We agree with the second district that § 843.02 Florida Statutes has a much broader scope than merely resisting arrest. The statute also contemplates obstruction or opposition to any officer in the lawful execution of any legal duty. Caines v. State, 500 So.2d 728 (Fla. 2d DCA 1987). Clearly the giving of a false name obstructs the officer in the preparation of the arrest reports he is required to complete. We are, of course, aware of this court's decision in Steele v. State, 537 So.2d 711 (Fla. 5th DCA 1989) and find no conflict. In Steele, the officer was not engaged in the performance of a lawful duty. Here the officer was clearly engaged in a lawful arrest of the defendant for robbery.
That statute provides:
Resisting officer without violence to his person. — Whoever shall obstruct or oppose any such officer, beverage enforcement agent, weight and safety officer of the Department of Transportation, member of the Florida Parole and Probation Commission or any administrative aide or supervisor employed by said commission, parole and probation supervisor or parole and probation officer employed by the Department of Corrections, personnel or representative of the Department of Law Enforcement, or legally authorized person in the execution of legal process or in the lawful execution of any legal duty, without offering or doing violence to the person of the officer, shall be guilty of a misdemeanor of the first degree, punishable as provided in s. 775.082 or s. 775.083.
Rumph next asserts as error the scoring of 14 points for victim injury under the uniform guidelines scoresheet because it is not an element of the offense of robbery. We disagree. Florida Rule of Criminal Procedure 3.701(d)(7) provides:
Victim injury shall be scored for each victim physically injured during a criminal episode or transaction.
The court-made rule as enunciated in Grandison v. State, 506 So.2d 74 (Fla. 5th DCA 1987) and Hendry v. State, 460 So.2d 589 (Fla. 2d DCA 1984) holding that victim injury can only be scored if it is an element of the criminal offense, has been superseded by an amendment to the committee notes commenting upon the sentencing guidelines. The 1985 Amendments to Committee Notes interpreting rule 3.701(d)(7) contained language supporting the court-evolved limitation on scoring victim injury as stated in Hendry and Grandison.
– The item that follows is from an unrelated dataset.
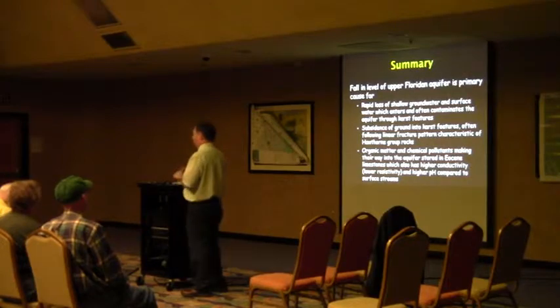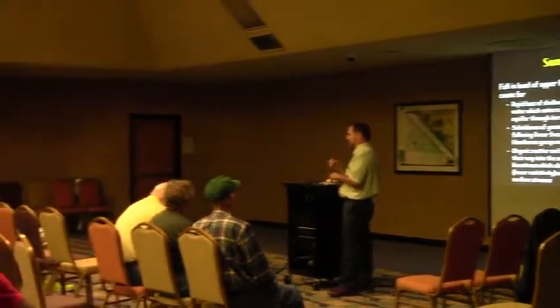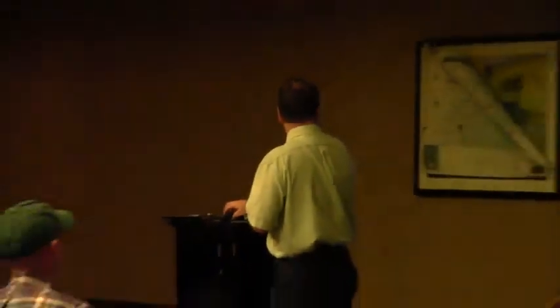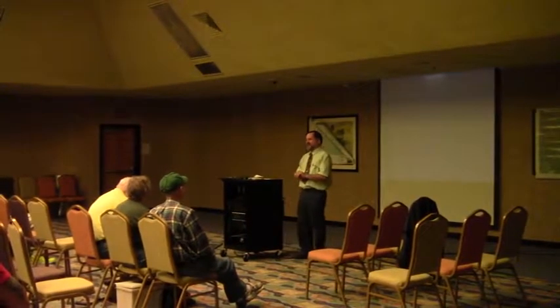We can see that through not only sampling the water but sometimes through geophysical techniques like resistivity. I think that's the last slide I have — that's my last comment.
The 1985 Committee Notes provided in part:
Victim injury shall be scored additionally for each count where victim injury is an element of each offense at conviction in excess of one count as to each victim. (emphasis added)
However, in 1987, and prior to the instant robbery, the element of the offense language in the Committee Notes was dropped. It now reads:
This provision implements the intention of the commission that points for victim injury be added for each victim injured during a criminal transaction or episode. The injury need not be an element of the crime for which the defendant is convicted, but is limited to physical trauma. (emphasis added)
The term physical trauma is used to distinguish the injury from one caused by psychic trauma. See, Florida Rules of Criminal Procedure Re Sentencing Guidelines (Rules 3.701 and 3.988), 509 So.2d 1088 (Fla. 1987).
It was therefore appropriate for the trial court to assess points for the injury occasioned by acts committed "in flight" after the taking of the property and thus deemed to have been done "in the course" of committing the robbery.
AFFIRMED.
SHARP, C.J., and DAUKSCH, J., concur.